Cuando no
teníamos mucho sobre que hablar, que no pasaba muy seguido, caminábamos
desperdigados por la calle, cada uno contando a baja voz los pasos, para que al
final, cuando llegábamos a donde íbamos, cada uno dijera cuántos pasos había
dado desde que la charla se acabó. Yo
siempre dejaba que ellos dijeran su número de pasos primero, para luego yo
decir un número cercano al suyo. Yo
nunca contaba mis pasos, yo iba cabezón, dándole vueltas a alguna tontería,
casi siempre a lo mismo: a la morenita que me dejaba quieto y sudoroso cuando
pasaba al lado mío sin mirarme, al asunto ese del Darko y la pandilla, y claro,
a los aviones, a esas ganas locas de estar dentro de uno alguna vez; y de nuevo la morena, de nuevo la pandilla.
–Setenta y cinco y ni uno más.
–¡Ciento ocho!
–Que pelado tan paticortico– dice el Negro y se echa
a reír.
–¿Y usted?
–Ochenta y dos
El negro le
da un codazo al Flaco luciendo su sonrisita lateral.
–¿Cómo hará este para quedar siempre en el medio?
¿ah?
Del otro
lado de la barra de madera, como siempre, estaba el viejo Cantor.
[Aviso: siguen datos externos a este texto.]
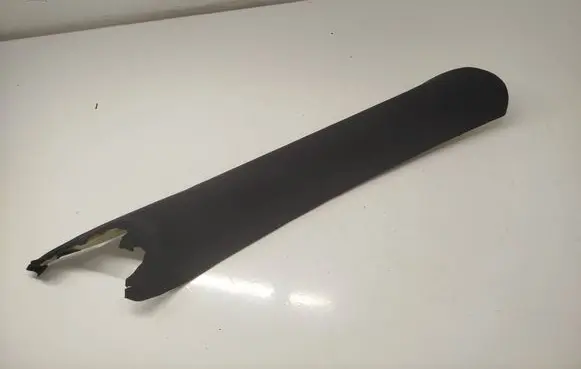 Mercedes-Benz CLS C219 (A) pillar trim A2196900225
Siempre fue
muy gracioso que el viejo jamás cantara, ni borracho, ni triste, y según decían
ni dándose un baño el viejo Cantor se permitía cantar.
Ese día el
Flaco entró mirando para todos lados y el Negro se sentó frente al viejo Cantor
en una de esas sillas altas y poco seguras:
–¿Se va invitar un brandisito Don Cantor?
–No chino, yo no le invito a un pobre diablo que en
su puta vida va a tener con qué devolverme el favor.
Y soltó su
risa ronca que olía ya a muchos brandys.
En la
tienda, que se me parece tanto a los bares esos de las películas gringas de
vaqueros después de que el malo ha pasado arrasando con todo, no había un alma
además de la del viejo Cantor. Mientras esperábamos en la puerta, solo entró
una mujer bajita y regordeta pidiendo una libra de sal fiada, el viejo se la
dio de mala gana y casi con rabia anotó en un cuaderno desgastado y amarillento
el valor que ella le quedaba debiendo.
–¿Están buscando al perdido? ¿Qué tendrá ese pelado
que lo visitan tanto?
Yo, él
menos malo, el más decente, al que el viejo le tenía algo de cariño, aunque
hablar de cariño puede ser demasiado, era el encargado de buscar el acceso al
encaletado.
–¿Y se le puede hacer otra visitica don Cantor?
El viejo me
miró por encima de sus gafas gruesas de carey e hizo un gesto casi
imperceptible que uno sabe que en el fondo es aprobación, y el Flaco, con ese
descaro suyo, se le acercó con varias botellas abrazadas contra el pecho.
–Nos anota estas y una cajetilla don Cantor.
–Esas son las últimas, mocosos de mierda. Si no me
pagan la semana entrante vamos a tener un problema ni el berraco.